WORK INSTRUCTIONS
The records below are to be written out exactly, with every picture omitted.
(DATA begins)
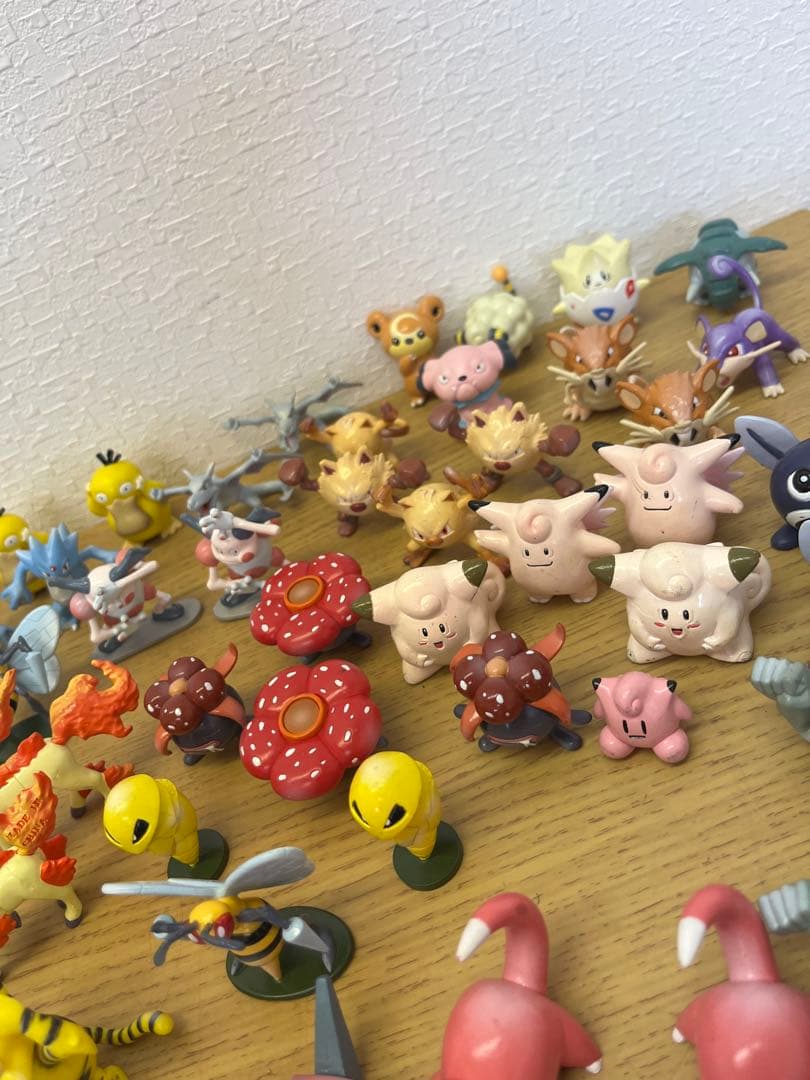 希少】ポケモン モンコレ 初代 196体まとめ売り レア 任天堂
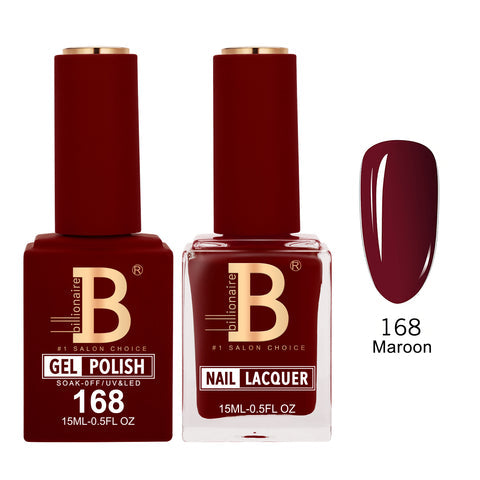 Billionaire Duo Matching Set - Imperial Collection - Maroon (168)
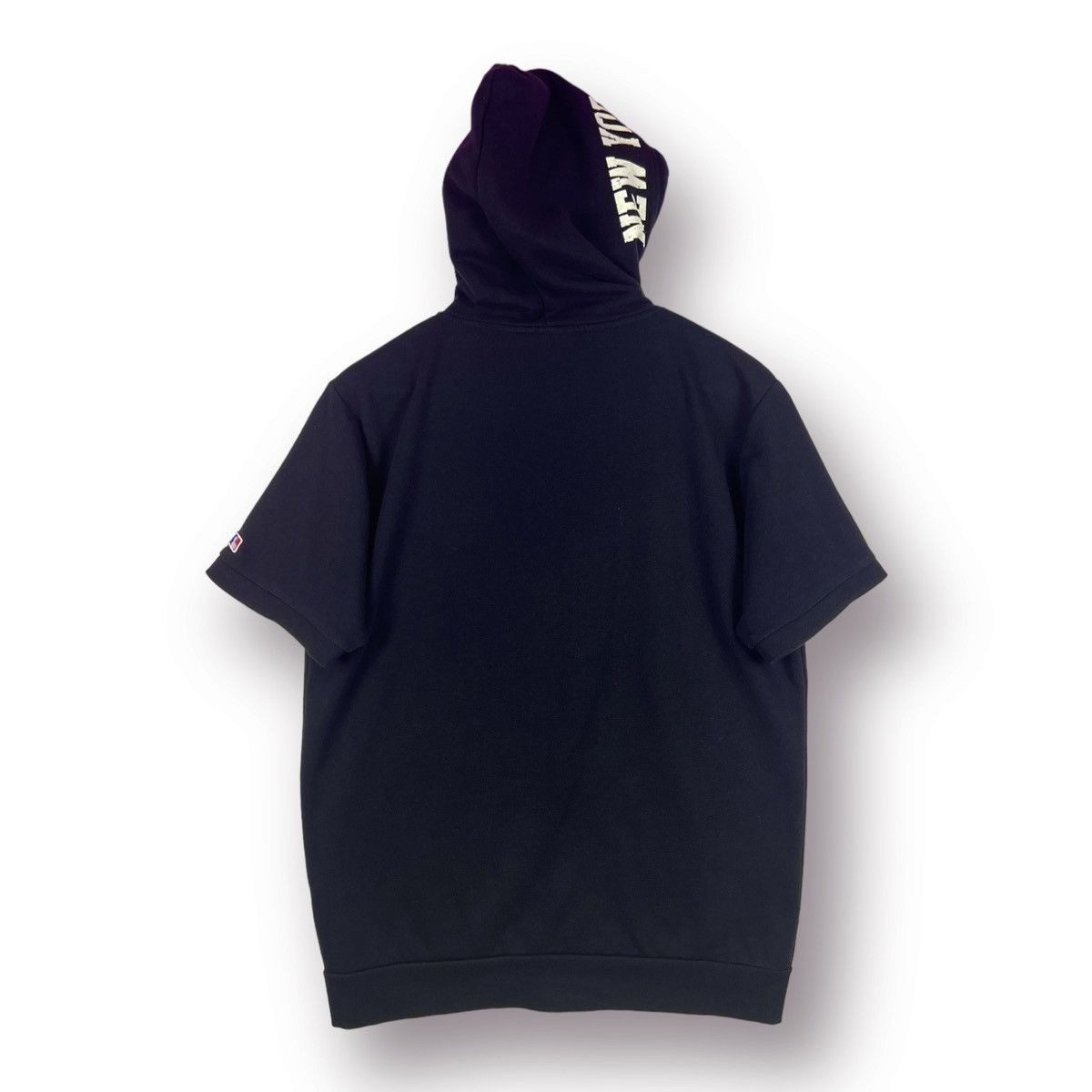 MLB 🔥 MLB NEW YORK YANKEES SHORTSLEEVES HOODED Size US L / EU 52-54 / 3 - 11 Thumbnail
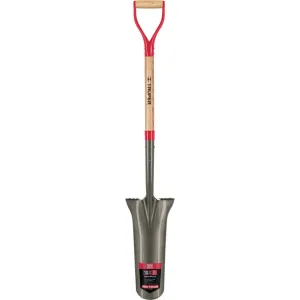 DRAIN SPADE 14" D HANDLE 39" LONG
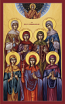 Holy Myrrh-Bearers 7x10"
(DATA ends)
TASK SOLUTION
 希少】ポケモン モンコレ 初代 196体まとめ売り レア 任天堂
 Billionaire Duo Matching Set - Imperial Collection - Maroon (168)
 MLB 🔥 MLB NEW YORK YANKEES SHORTSLEEVES HOODED Size US L / EU 52-54 / 3 - 11 Thumbnail
 DRAIN SPADE 14" D HANDLE 39" LONG
 Holy Myrrh-Bearers 7x10"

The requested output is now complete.